Draw the shadow of a tree falling on the wall of the house on a winter night. Notice that the bottom of the shadow is on the ground and the top is on the wall of the building. They form a right or slightly pointed angle with each other. At the same time, the outlines of the tree almost exactly repeat not only its silhouette, but each branch is clearly visible.

Step 6

Having learned how to convey shadows from objects in landscapes, move on to classic still lifes. Try painting a white vase against a white drapery. The shape of objects in this case is conveyed exclusively by shadows. They can be portrayed in different ways. Points of the subject that are farther from the viewer appear darker. That is, the outline of the vase will be darker than its middle, which is directly in front of you.

Step 7

Try different types of shading. To convey the shape, the stroke direction corresponding to the contour is most often used. Apply heavy strokes around the edges of the image. The distances between them increase as you get closer to the center of the object. Of course, you don't need to measure anything with a ruler. Other directions of strokes are also possible - vertical, horizontal or oblique. The drapery is drawn in the same way.
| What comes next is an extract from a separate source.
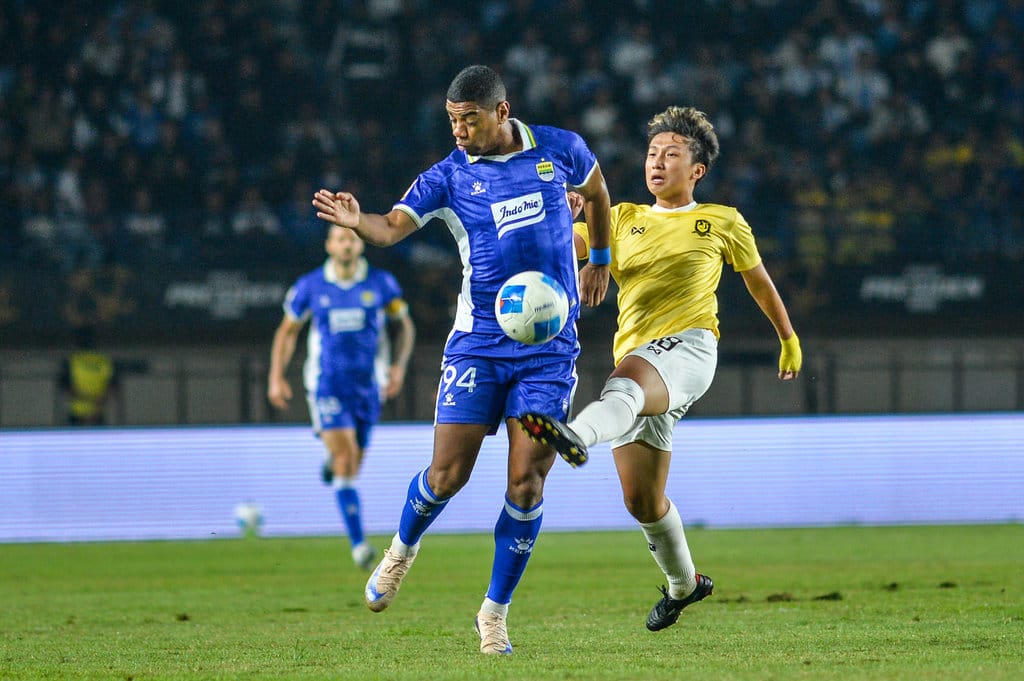 Jadwal Siaran Langsung Persib vs Persija Semifinal Piala Presiden 2026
In this case, the strokes follow the shape of the folds.

Step 8

When you have the shape, paint in the shadow of the subject on the table and drapery. First, determine where your light source is. This can be seen from the figure. If the lightest spot is right in the middle, then the light source is right behind you. In this case, the shadow will be almost invisible. The viewer's eye captures only a tiny piece of it, and then on condition that the lower part of the object is very narrow. In any case, the shadow will fall in the direction opposite to the one where the light source is.